Mexico’s president, Enrique Peña Nieto proposed a sweeping overhaul of the banking sector Wednesday to make credit cheaper and more available, a move desperately needed in a country where bank loans represent less than 20 percent of GDP – one-tenth the level seen in the United States.
“The goal is for banks to loan more, and loan more cheaply,” said Peña Nieto, “because access to credit can change a person’s life, giving them access to durable consumer goods, their own property and a way out of the informal economy.”
The plan would encourage banks to compete and lend more, create incentives for mid-size companies to list shares on the stock market, and modify bankruptcy laws to make it easier for lenders to seize debtors’ assets.
Economists estimate that one-quarter to one-half of Mexicans work in the “informal” sector, the off-the-books bazaar of churro vendors, fruit stands and other forms of micro-commerce that rarely offers more than a subsistence living.

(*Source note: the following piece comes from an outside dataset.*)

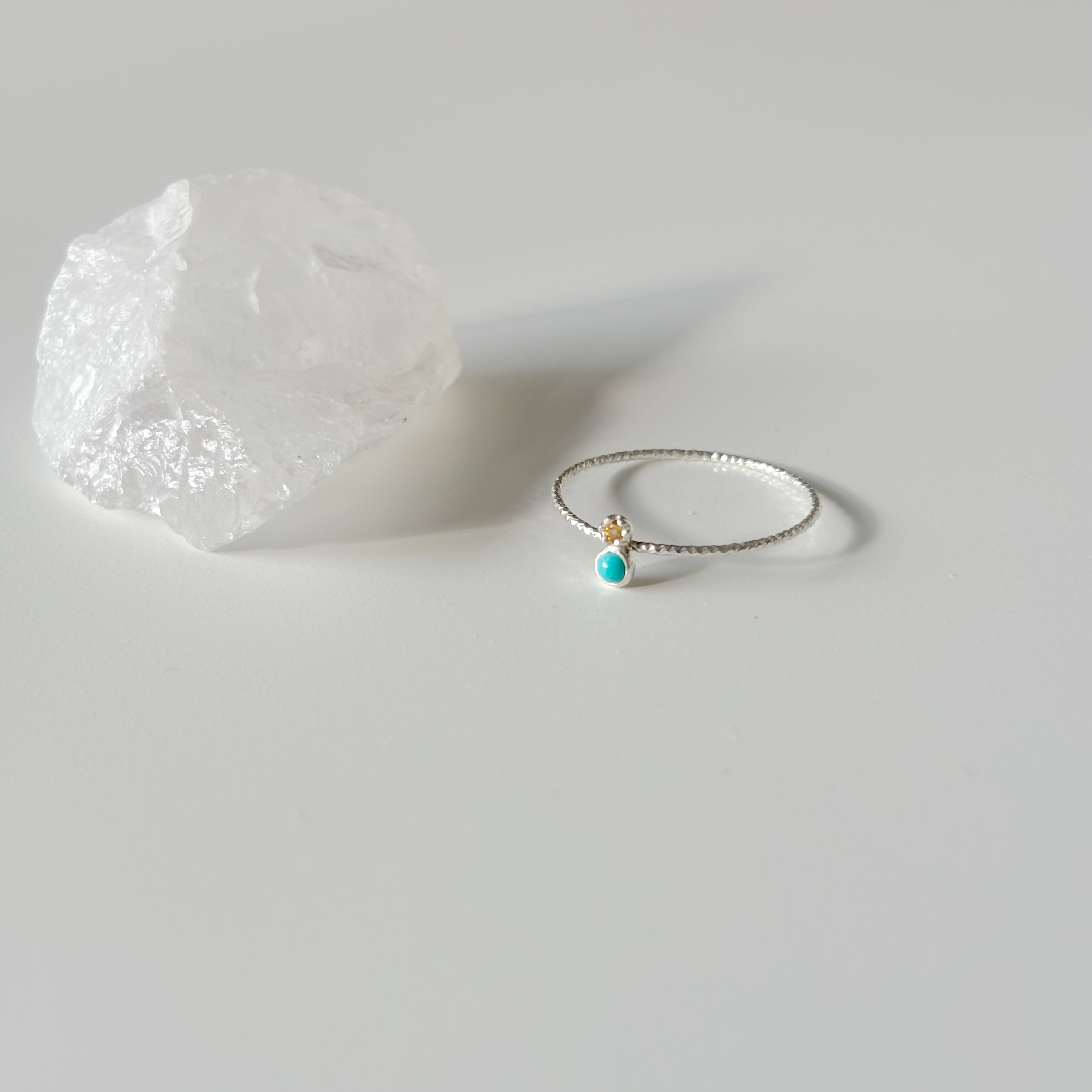 小圓土耳其石黃水晶戒指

Providing those entrepreneurs with affordable banking services and credit is viewed as a key step toward building a broader Mexican middle class.
The new measures would foster more competition in the banking sector and lift some of the tight controls placed on lending after the 1995 peso crisis, said Luis Videgaray, Mexico’s treasury secretary and one of the president’s closest advisers.
Lending as a percentage of gross domestic product is about 16 percent in Mexico, he said, while the average in Latin America is closer to 50 percent.
Mexico’s finances are on solid footing, Videgaray said, and banking services dedicated to development have become “too conservative.”
“The purpose of development banking should be to finance innovation, the creation of patents, infrastructure . . . it should be a bank that promotes equality between men and women,” he said, also highlighting plans to increase small-business lending for women in particular.
The government projects an economic expansion of 3.5 percent in 2013 and President Peña Nieto is promoting a series of economic reforms in areas such as energy and taxation, which he says will tack an extra two percentage points annually on to the country’s GDP growth in future years.